From Question Answering to Task Completion: A Survey on Agent System and Harness Design
A comprehensive survey examines LLM-based agent systems through a model-harness lens, arguing that agent performance depends on the interaction between foundation models, execution infrastructure, and task structure rather than model capabilities alone. The research identifies six core runtime responsibilities and maps how different harness configurations affect long-horizon task completion, efficiency, and reliability.
This survey represents a significant methodological shift in understanding LLM-based agents, moving beyond the common assumption that model scaling alone drives performance improvements. The research introduces a dual-lens framework separating foundation models from execution harnesses, recognizing that agent quality emerges from their interaction rather than residing in either component exclusively. This distinction matters because it clarifies where engineering efforts should focus—practitioners often optimize models while neglecting runtime infrastructure, potentially missing substantial performance gains.
The evolution from prompt engineering through workflows to agent-native training reflects the maturing AI infrastructure landscape. Earlier approaches treated agents as passive models with bolted-on tools, but this survey demonstrates that runtime design—encompassing observation, context management, control flow, action execution, state maintenance, and verification—fundamentally shapes task completion rates. The research provides empirical evidence linking harness configurations to specific task properties, creating a design framework for practitioners building production systems.
For developers and organizations deploying LLM agents, this work offers practical guidance on optimizing execution layers rather than exclusively chasing larger models. The identified open challenges—value-aware evaluation, safety assurance, harness generalization, and model-harness co-evolution—indicate the field remains early-stage with substantial optimization potential. The survey's systematic decomposition enables more rigorous benchmarking and comparison across agent systems, potentially accelerating standardization in agent engineering practices.

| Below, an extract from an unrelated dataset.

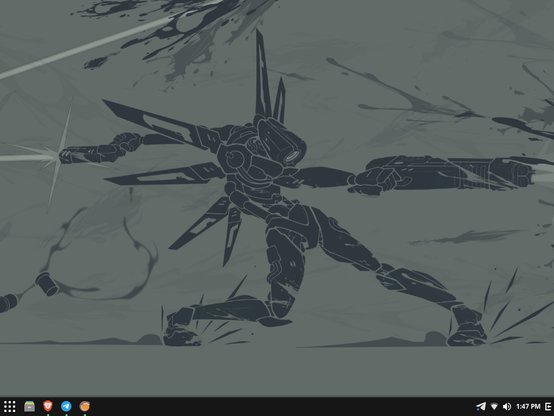 foto de mi escritorio con un fondo de pantalla del personaje v1,perteneciente del videojuego ultrakill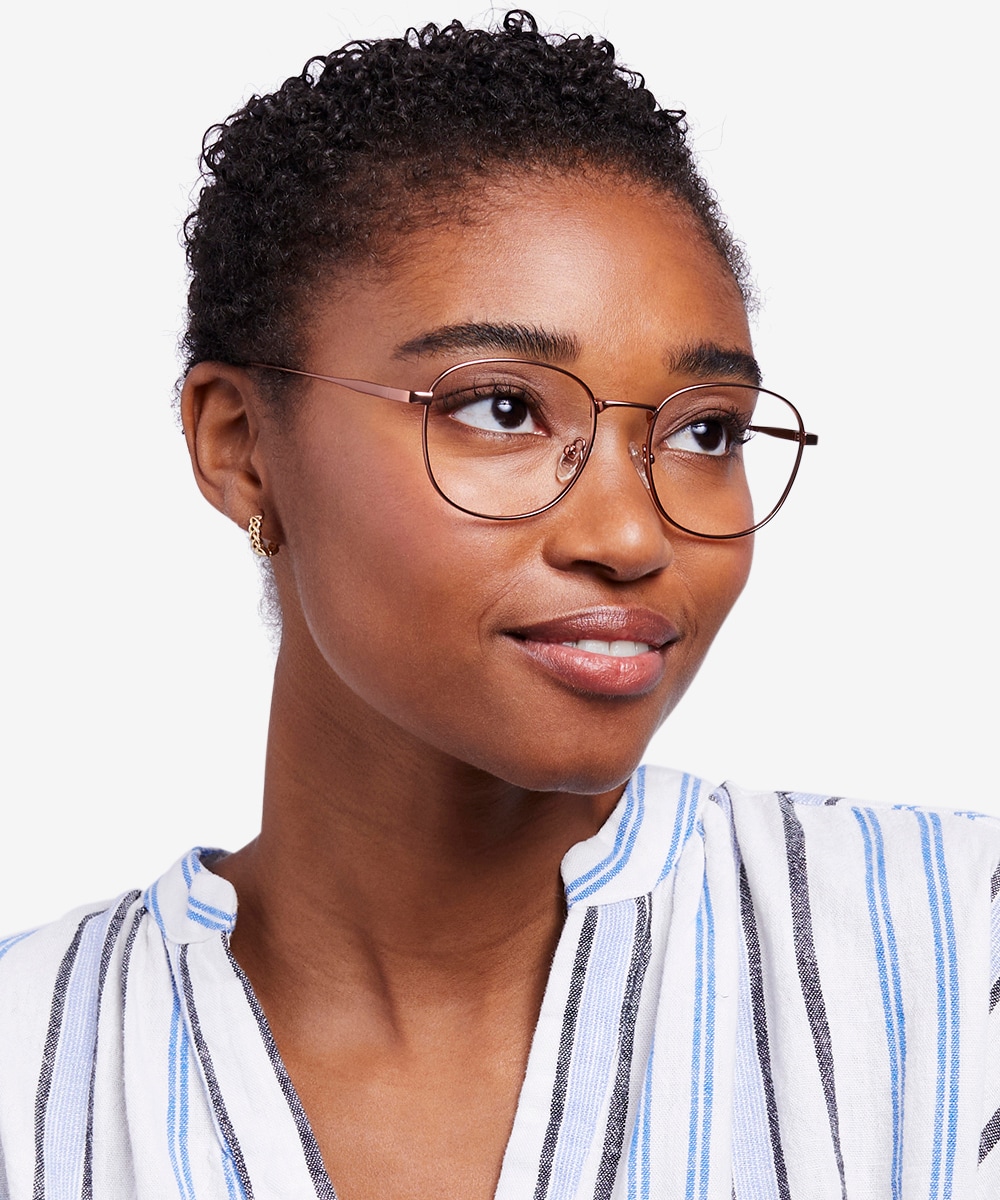 Vantage Square Rose Gold Glasses for Women | Eyebuydirect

- →Agent performance bottlenecks may reside in execution harness design rather than foundation model capability alone.
- →Six core runtime responsibilities—observation, context, control, action, state, and verification—directly influence long-horizon task completion and efficiency.
- →Task-specific properties and domain constraints should drive harness configuration choices rather than one-size-fits-all approaches.
- →Model-harness co-evolution represents the emerging paradigm beyond traditional prompt engineering and workflow-based agent design.
- →Current evaluation practices lack value-aware metrics necessary for assessing agent quality across success, efficiency, safety, and generalization dimensions.